SEMARAPURA – Penerapan Peraturan Gubernur Bali Nomor 79 Tahun 2018 tentang hari Penggunaan Busana Adat Bali memberi berkah bagi pengusaha tenun di Kabupaten Klungkung.
Pasalnya, pesanan kain tenun mengalami peningkatan sejak Pergub tersebut diterapkan. Pasar potensial produk kerajinan ini pun semakin luas.
Pemilik Pertenunan Astiti, I Nyoman Sudira mengungkapkan, sebelum Pergup tersebut ada, penjualan produk kain tenun produksinya cukup lesu.
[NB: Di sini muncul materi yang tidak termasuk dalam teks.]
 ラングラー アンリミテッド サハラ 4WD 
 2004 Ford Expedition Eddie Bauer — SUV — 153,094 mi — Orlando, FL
Apalagi dengan banyaknya produk tiruan dari luar Bali dengan harga murah. Mau tidak mau dia harus bersaing di tengah lesunya pesanan.
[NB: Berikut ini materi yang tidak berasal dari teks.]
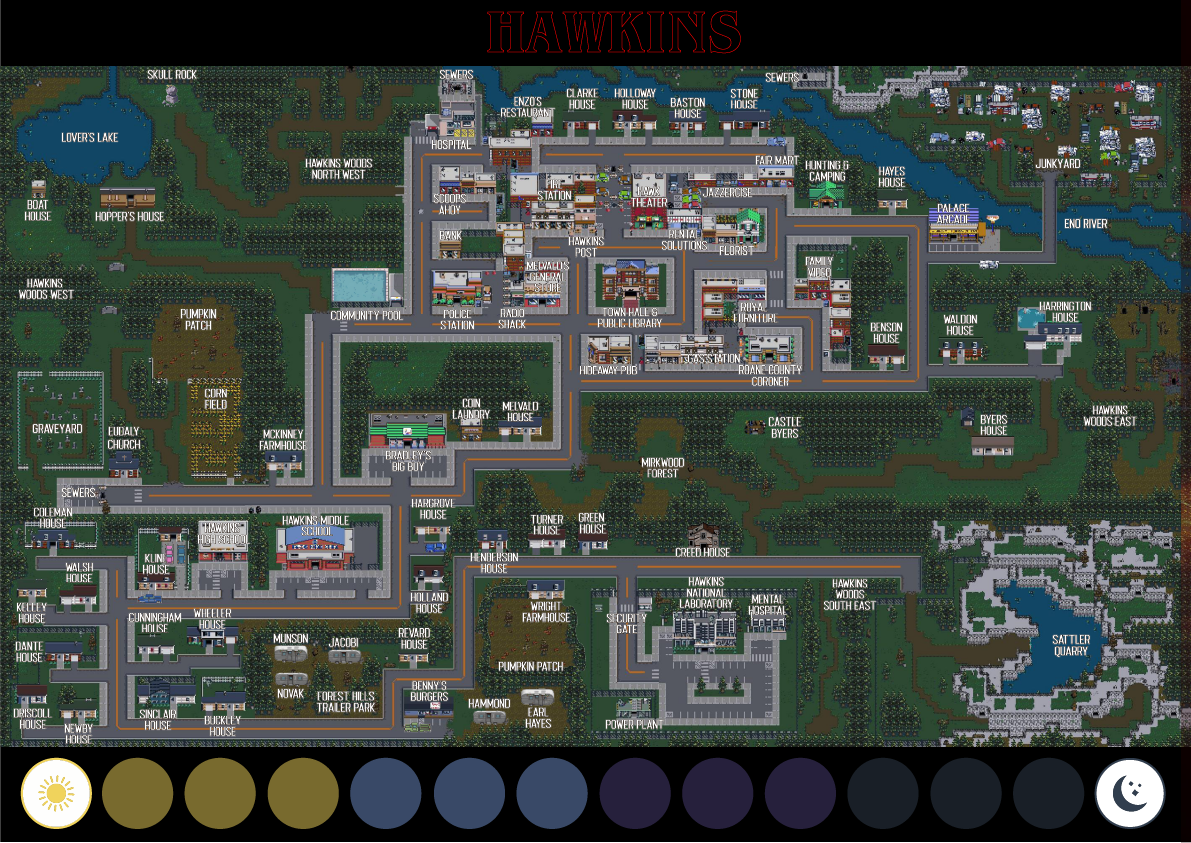 Screenshot 3 for Stranger Things RPG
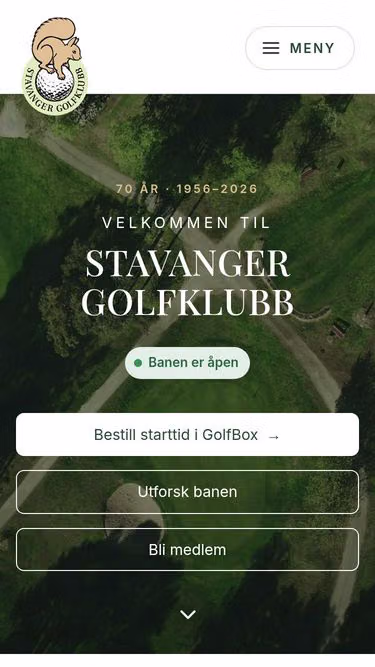 Screenshot of sgk.no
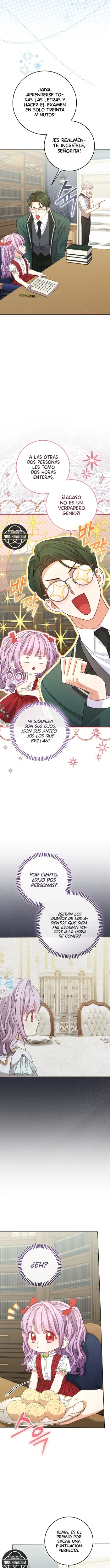 Soy la hija biológica del protagonista masculino, ¡pero quiero vivir con el segundo protagonista masculino! capítulo 8, página 5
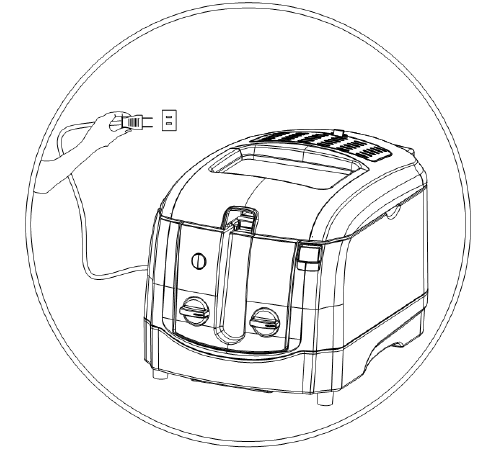 Simply Ming Air Fryer User Manual-6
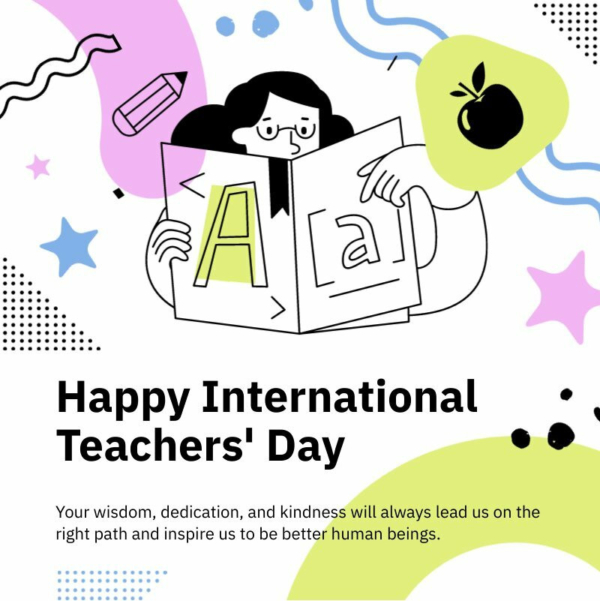 International Teacher’s Day Instagram Post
“Kain tenun tiruan dari luar Bali itu bisa lebih murah karena upah pekerjanya lebih murah. Begitu juga dengan bahan baku,” katanya.
Hampir satu tahun Peraturan Gubernur Bali Nomor 79 Tahun 2018 tentang hari Penggunaan Busana Adat Bali diterapkan, dia mengaku pesanan kain tenun produksinya mengalami peningkatan.
Tidak hanya dari instansi pemerintahan dan perkantoran, menurutnya, pesanan datang juga dari kalangan anak muda. “Pemasaran kain tenun kini lebih luas,” ujarnya.
Menurutnya, hingga saat ini produk kain tenunannya merupakan produk yang dibuat dengan alat tenun bukan mesin (ATBM).
Sehingga dibutuhkan keterampilan dan kesabaran dalam membuat produk kain tenun menggunakan alat tersebut.
Hanya saja di tengah meningkatnya permintaan, dia mengaku kesulitan mendapat tenaga kerja. Bahkan, puluhan orang yang bekerja dengannya sebagian besar berusia lanjut.
Akibatnya, dia kerap kewalahan menyelesaikan pesanan. “Apalagi kalau ada pesanan dari luar Bali, saya semakin kewalahan.
Untungnya para konsumen memaklumi kondisi ini. Anak muda serang jarang yang mau menjadi penenun,” ungkapnya.
Tidak hanya krisis tenaga kerja tenun, dia juga kerap dihadapkan dengan langkanya bahan baku benang.
Saat benang langka, harganya pun akan lebih mahal sehingga pemerintah terkadang turun tangan untuk menangani permasalahan ini.
“Untuk benang, kami menggunakan benang impor dari India karena produknya asli katun,” tandasnya.